>>7255832The motto of the Royal Society was "Nullius in verba". In tutelage every boy of the elite - or who aspired to be elite - was expected to verify the Law of Gravitation himself. Same with things like axioms of Euclidian Geometry, or Archimedes’ Principle, and so on with other things that lend themselves to investigation, because it cultivates agency.
>The problem with modern [academics] is that they oscillate between two extremes, the idea of perfectly reliable knowledge, like what can be perfectly measured or derived via math, the Enlightenment way, and the idea that knowledge is impossible and it is just all social construct or something, the Hegelian or Postmodern way.One, of course, naturally following from the other. That post-modernism is modernism; the logical conclusion of modernist epistemology applied consistently and without unprincipled exception.
In more civilized times, anyone could publish anything they liked; and if anyone saw anything they thought was interesting, they could try reproducing it; and if they could reproduce it, then that society's framework of understanding was advanced. This is a form of social technology that was called science. Such which stands in contrast with a presently regnant system called ‘peer review’.
Under this system, noone can publish, except that they be rubberstamped first by a synod of bishops, who adjudicate material in secret, on the basis of secret methods, using secret evidence, not revealed to laypersons outside of the church (ie, by fiat), whereupon it is either rejected or accepted.

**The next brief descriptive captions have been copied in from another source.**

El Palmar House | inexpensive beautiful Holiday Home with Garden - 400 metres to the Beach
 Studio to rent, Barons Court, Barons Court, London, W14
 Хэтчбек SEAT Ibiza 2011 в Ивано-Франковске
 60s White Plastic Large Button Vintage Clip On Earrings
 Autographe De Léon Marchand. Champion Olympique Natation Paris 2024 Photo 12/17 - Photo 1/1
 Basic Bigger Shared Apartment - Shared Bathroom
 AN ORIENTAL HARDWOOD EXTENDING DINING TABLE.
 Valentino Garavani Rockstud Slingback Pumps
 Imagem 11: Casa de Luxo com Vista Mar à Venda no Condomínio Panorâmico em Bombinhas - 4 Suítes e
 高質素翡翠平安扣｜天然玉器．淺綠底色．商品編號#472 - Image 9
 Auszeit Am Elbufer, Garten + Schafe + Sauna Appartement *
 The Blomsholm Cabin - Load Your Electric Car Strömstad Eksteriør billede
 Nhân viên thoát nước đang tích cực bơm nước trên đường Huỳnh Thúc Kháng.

If accepted, it is then entered into the canon of orthodoxy as ‘settled science’. Reproduction is not only unnecessary to this process (socially speaking, of course), for that matter, anyone that *doesn't* reproduce the ordained results may then be rejected out of hand as either a fatuous hack or a faithless heretic, for deviating from orthodoxy, and thus failing to take the bishop’s word for it.
In broad terms, developments like this are simply yet another expression of a general trend of 'priestly dominance' over a polity which is typical of societies afflicted by popular governance – more specifically, where a certain priest-like faction in particular attempts to arrogate dominion over ever inflating swaths of a society, shoehorning it’s own contingent mode of engagement into any and all other affairs, irrespective of however maladaptive it may be outside of the context it came about in (if it was ever even adaptive anywhere to begin with).